Short descriptive text snippets:
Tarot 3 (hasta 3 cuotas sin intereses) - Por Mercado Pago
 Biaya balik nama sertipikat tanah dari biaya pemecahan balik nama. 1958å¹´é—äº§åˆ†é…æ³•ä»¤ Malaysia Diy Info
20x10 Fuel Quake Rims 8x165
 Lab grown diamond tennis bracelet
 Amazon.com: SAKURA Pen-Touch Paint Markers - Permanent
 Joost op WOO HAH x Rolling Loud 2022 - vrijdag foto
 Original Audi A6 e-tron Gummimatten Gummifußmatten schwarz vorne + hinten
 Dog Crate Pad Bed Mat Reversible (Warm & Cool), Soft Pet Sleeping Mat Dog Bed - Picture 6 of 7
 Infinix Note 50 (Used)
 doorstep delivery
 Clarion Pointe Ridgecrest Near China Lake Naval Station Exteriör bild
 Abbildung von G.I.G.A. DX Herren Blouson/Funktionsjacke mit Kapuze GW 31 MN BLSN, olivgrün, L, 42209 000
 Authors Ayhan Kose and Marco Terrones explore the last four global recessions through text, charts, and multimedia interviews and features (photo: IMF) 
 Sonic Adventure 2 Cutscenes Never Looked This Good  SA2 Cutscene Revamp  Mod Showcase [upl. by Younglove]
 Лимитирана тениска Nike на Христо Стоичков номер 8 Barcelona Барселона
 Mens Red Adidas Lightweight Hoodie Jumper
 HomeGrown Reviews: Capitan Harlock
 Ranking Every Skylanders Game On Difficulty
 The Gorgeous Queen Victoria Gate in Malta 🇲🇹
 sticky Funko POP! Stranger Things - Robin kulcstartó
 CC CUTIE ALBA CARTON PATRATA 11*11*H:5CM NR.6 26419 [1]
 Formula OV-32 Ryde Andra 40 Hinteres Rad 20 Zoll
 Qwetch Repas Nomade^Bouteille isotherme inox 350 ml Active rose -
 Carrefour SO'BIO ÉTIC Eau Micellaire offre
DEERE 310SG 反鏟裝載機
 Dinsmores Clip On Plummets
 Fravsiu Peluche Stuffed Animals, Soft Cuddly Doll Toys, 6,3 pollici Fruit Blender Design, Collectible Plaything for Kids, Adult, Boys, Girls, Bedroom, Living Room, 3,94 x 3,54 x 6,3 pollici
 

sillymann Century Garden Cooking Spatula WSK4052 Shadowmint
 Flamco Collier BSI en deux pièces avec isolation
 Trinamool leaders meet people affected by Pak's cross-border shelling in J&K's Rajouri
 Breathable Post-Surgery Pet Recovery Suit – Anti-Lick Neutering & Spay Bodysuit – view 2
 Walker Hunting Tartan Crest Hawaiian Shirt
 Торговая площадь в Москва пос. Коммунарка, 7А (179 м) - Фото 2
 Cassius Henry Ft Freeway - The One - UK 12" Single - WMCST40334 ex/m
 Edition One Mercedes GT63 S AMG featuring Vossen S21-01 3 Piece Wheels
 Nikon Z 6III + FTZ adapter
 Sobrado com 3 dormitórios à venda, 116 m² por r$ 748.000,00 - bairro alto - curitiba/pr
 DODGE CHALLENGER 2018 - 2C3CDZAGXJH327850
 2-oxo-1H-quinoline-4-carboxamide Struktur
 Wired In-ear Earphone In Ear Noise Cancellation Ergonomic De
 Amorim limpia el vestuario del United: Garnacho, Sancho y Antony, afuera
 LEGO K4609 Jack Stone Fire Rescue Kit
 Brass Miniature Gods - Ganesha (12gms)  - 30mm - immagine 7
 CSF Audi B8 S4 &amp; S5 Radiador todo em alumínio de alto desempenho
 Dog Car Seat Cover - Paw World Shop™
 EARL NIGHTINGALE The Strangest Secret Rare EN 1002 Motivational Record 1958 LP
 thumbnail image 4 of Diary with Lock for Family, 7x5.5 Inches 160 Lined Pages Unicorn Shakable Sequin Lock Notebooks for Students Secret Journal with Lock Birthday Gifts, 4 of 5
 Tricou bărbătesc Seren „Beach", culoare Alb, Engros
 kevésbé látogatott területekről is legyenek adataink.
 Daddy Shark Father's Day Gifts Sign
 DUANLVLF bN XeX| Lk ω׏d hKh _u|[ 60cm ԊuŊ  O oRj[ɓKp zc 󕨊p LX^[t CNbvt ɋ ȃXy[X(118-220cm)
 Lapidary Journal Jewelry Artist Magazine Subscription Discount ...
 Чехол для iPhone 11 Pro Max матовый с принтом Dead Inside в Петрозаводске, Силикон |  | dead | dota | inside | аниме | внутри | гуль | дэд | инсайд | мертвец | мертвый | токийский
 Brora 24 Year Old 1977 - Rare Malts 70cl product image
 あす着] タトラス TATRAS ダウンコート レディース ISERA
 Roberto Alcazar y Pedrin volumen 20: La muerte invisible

> Task brief: Would you retype the lines of the data above, from the one holding "Cassius Henry Ft" through its final line, exactly and without adding any other line?

> The answer:
 Cassius Henry Ft Freeway - The One - UK 12" Single - WMCST40334 ex/m
 Edition One Mercedes GT63 S AMG featuring Vossen S21-01 3 Piece Wheels
 Nikon Z 6III + FTZ adapter
 Sobrado com 3 dormitórios à venda, 116 m² por r$ 748.000,00 - bairro alto - curitiba/pr
 DODGE CHALLENGER 2018 - 2C3CDZAGXJH327850
 2-oxo-1H-quinoline-4-carboxamide Struktur
 Wired In-ear Earphone In Ear Noise Cancellation Ergonomic De
 Amorim limpia el vestuario del United: Garnacho, Sancho y Antony, afuera
 LEGO K4609 Jack Stone Fire Rescue Kit
 Brass Miniature Gods - Ganesha (12gms)  - 30mm - immagine 7
 CSF Audi B8 S4 &amp; S5 Radiador todo em alumínio de alto desempenho
 Dog Car Seat Cover - Paw World Shop™
 EARL NIGHTINGALE The Strangest Secret Rare EN 1002 Motivational Record 1958 LP
 thumbnail image 4 of Diary with Lock for Family, 7x5.5 Inches 160 Lined Pages Unicorn Shakable Sequin Lock Notebooks for Students Secret Journal with Lock Birthday Gifts, 4 of 5
 Tricou bărbătesc Seren „Beach", culoare Alb, Engros
 kevésbé látogatott területekről is legyenek adataink.
 Daddy Shark Father's Day Gifts Sign
 DUANLVLF bN XeX| Lk ω׏d hKh _u|[ 60cm ԊuŊ  O oRj[ɓKp zc 󕨊p LX^[t CNbvt ɋ ȃXy[X(118-220cm)
 Lapidary Journal Jewelry Artist Magazine Subscription Discount ...
 Чехол для iPhone 11 Pro Max матовый с принтом Dead Inside в Петрозаводске, Силикон |  | dead | dota | inside | аниме | внутри | гуль | дэд | инсайд | мертвец | мертвый | токийский
 Brora 24 Year Old 1977 - Rare Malts 70cl product image
 あす着] タトラス TATRAS ダウンコート レディース ISERA
 Roberto Alcazar y Pedrin volumen 20: La muerte invisible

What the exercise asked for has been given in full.